Note:  Do not rely on this information. It is very old.


Cardinal, the name given to the highest dignitaries of the Roman Church next after the Pope, who is chosen by the Sacred College of Cardinals. The name is derived from the Latin cardo (a hinge), but there is a difference of opinion as to how it came to be applied to them, the general idea being that they were originally those who were "hinged in" or established in the churches of Rome, either as deacons aiding the Pope, or priests of the city churches, or bishops in the Roman diocese. Pius V. made them the Councillors of the Pope, Urban VIII. gave them the title of Eminence, and Sextus V. settled their number at 6 bishops, 50 priests, and 14 deacons - 70 in all. They are nominated by the Pope, who has also the right of choosing some whose names he does not at once make known, but reserves to himself (in petto).
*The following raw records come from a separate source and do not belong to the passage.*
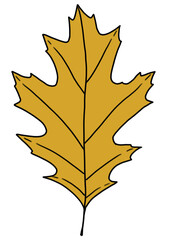 Obraz premium oak leaf on a white background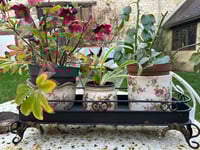 Image 3 of Pot de fleur rond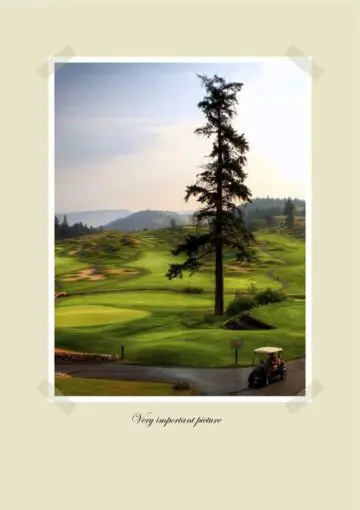 Photo Album on Green Background One Picture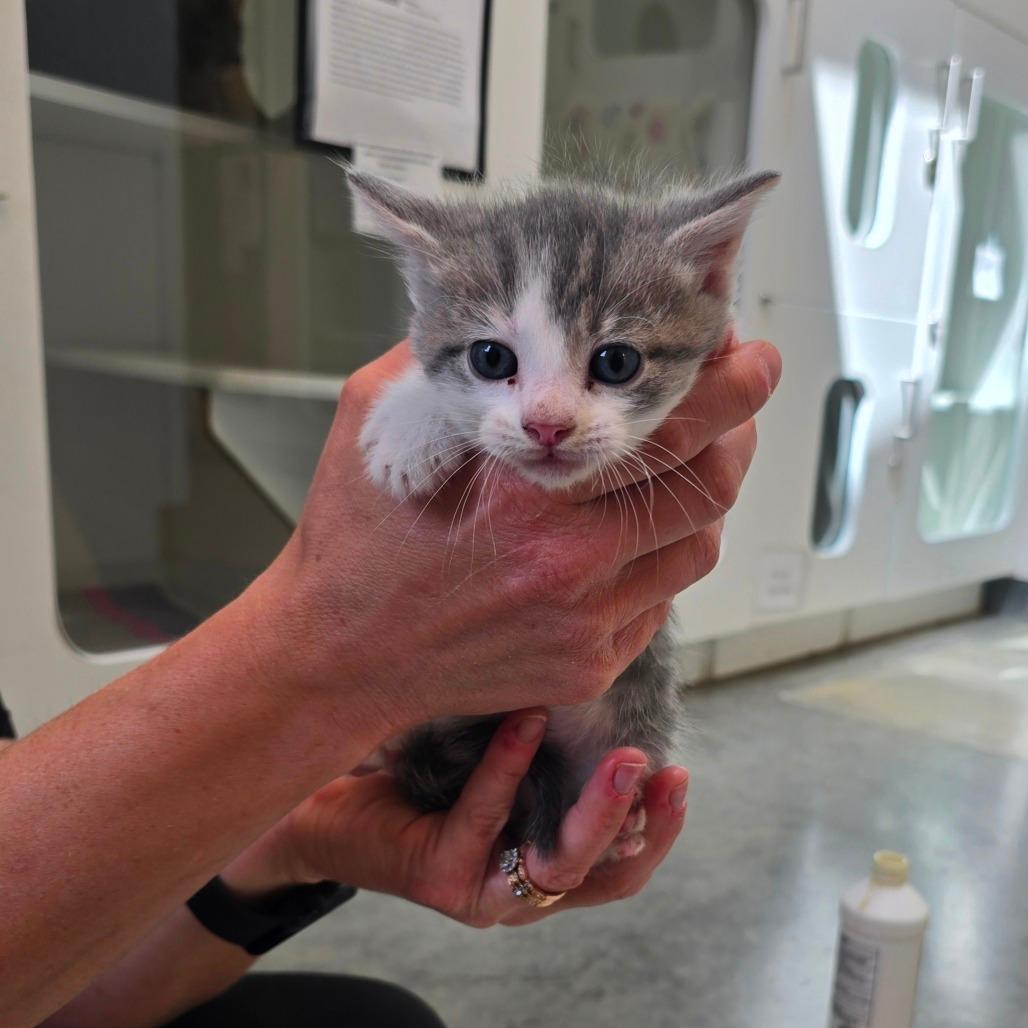 Portobello, Adoptable, Young Male Domestic Short Hair.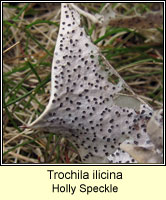 Trochila ilicina, Holly Speckle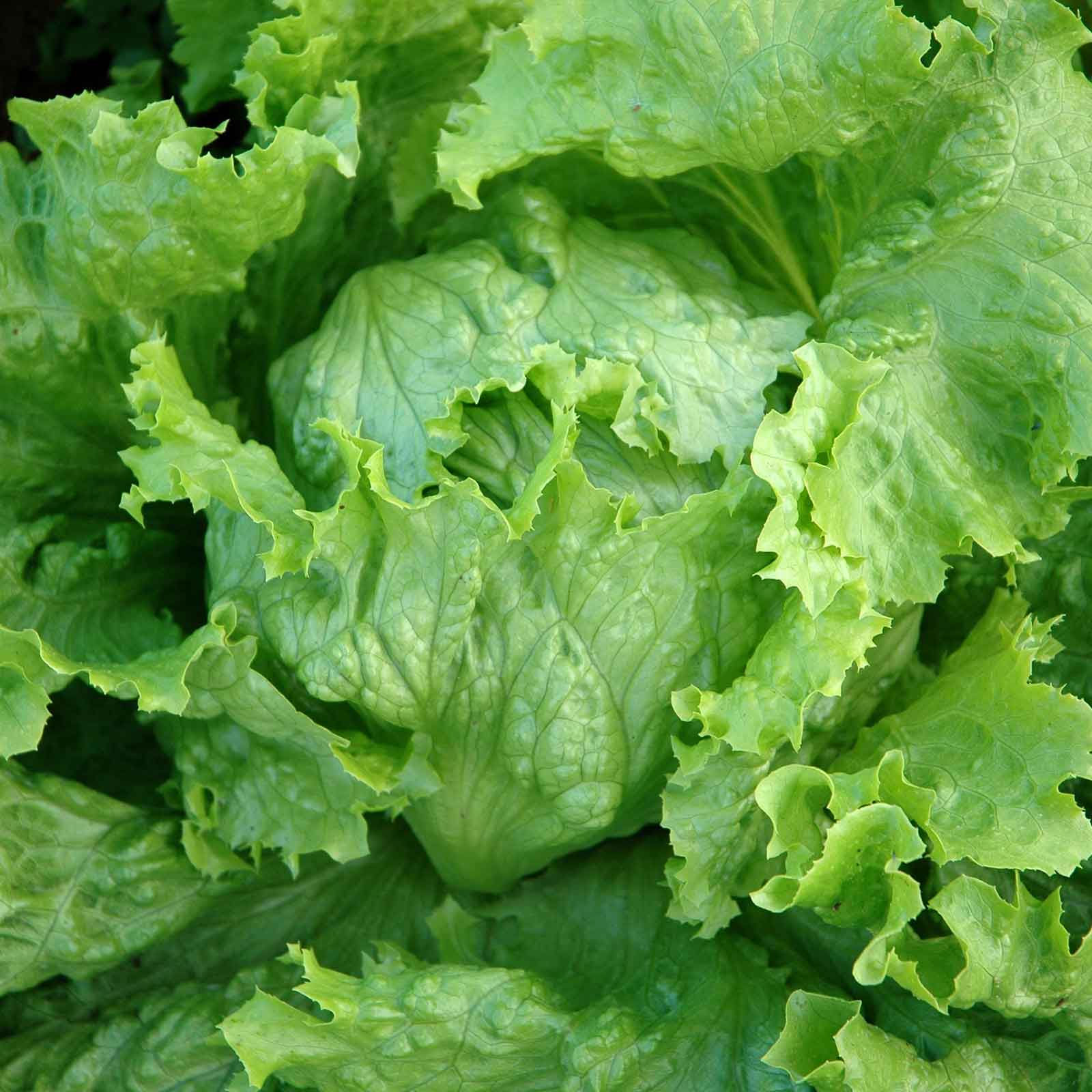 Close-up of a crisp, green iceberg lettuce head with tightly packed leaves.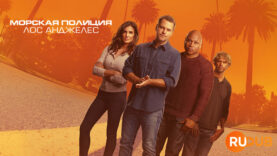 player-NCIS-LA-S14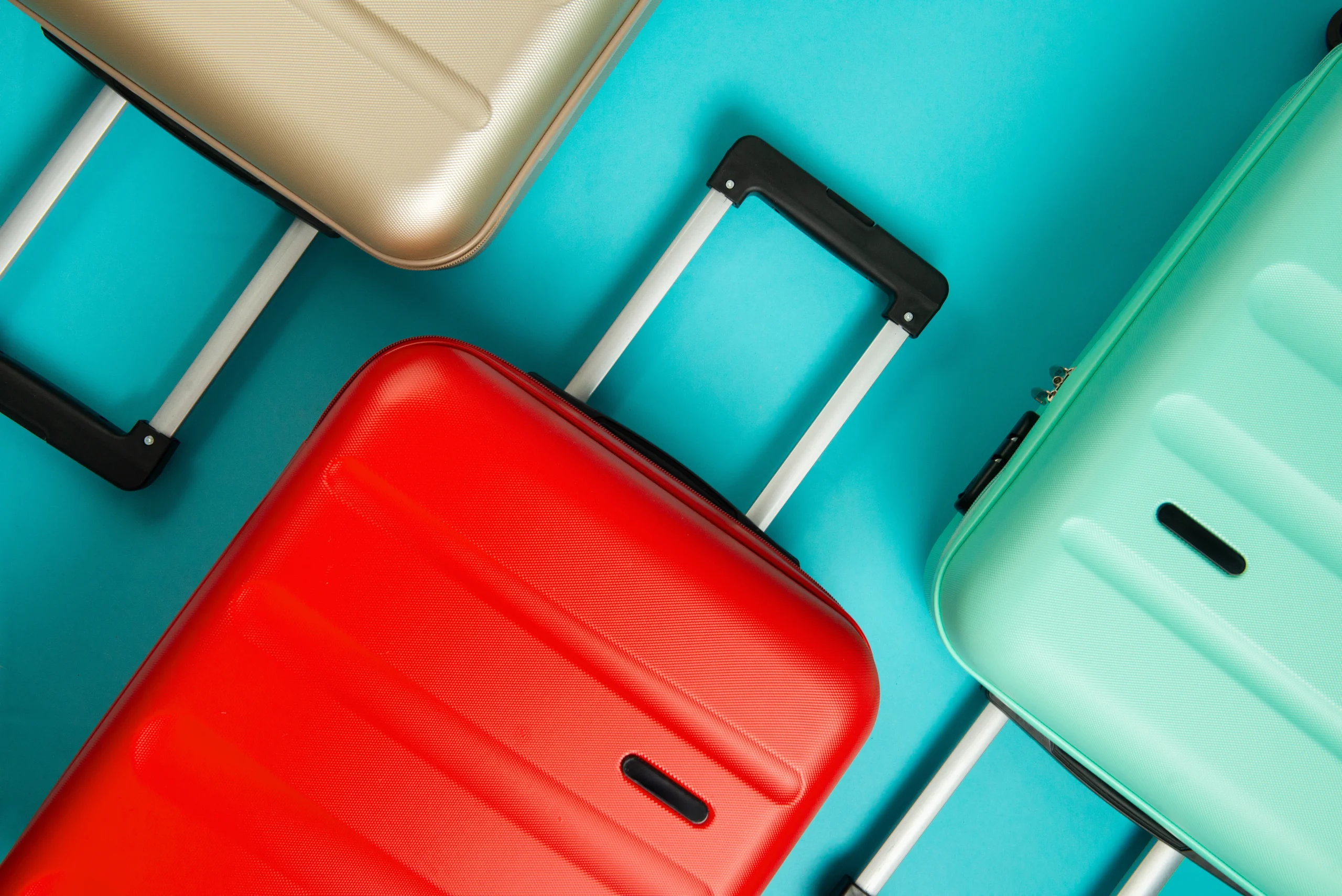 Are You Looking for an Ideal Travel Partner?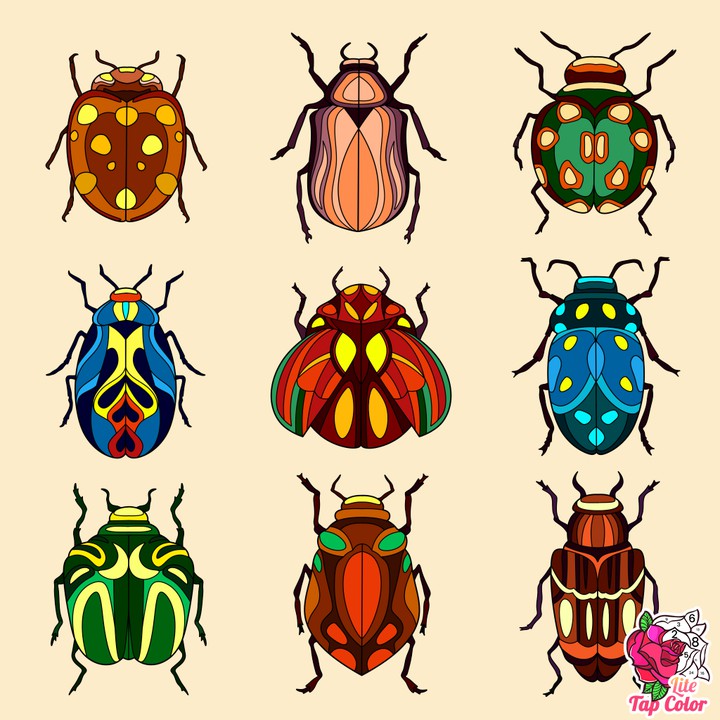 insectos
If, however, he dies before declaring them, these nominations become void. The nomination does not give them the right to vote in conclave until the Pope has "opened their mouth." They do not leave Rome without leave of the Pope unless, being bishops, they have a see outside Rome. The Dean of the Sacred College consecrates the newly-elected Pope if he be not already a bishop. The special marks of a Cardinal are the red hat, the red biretta, and the red cassock. But a Cardinal belonging to one of the religious orders wears the habit of the order.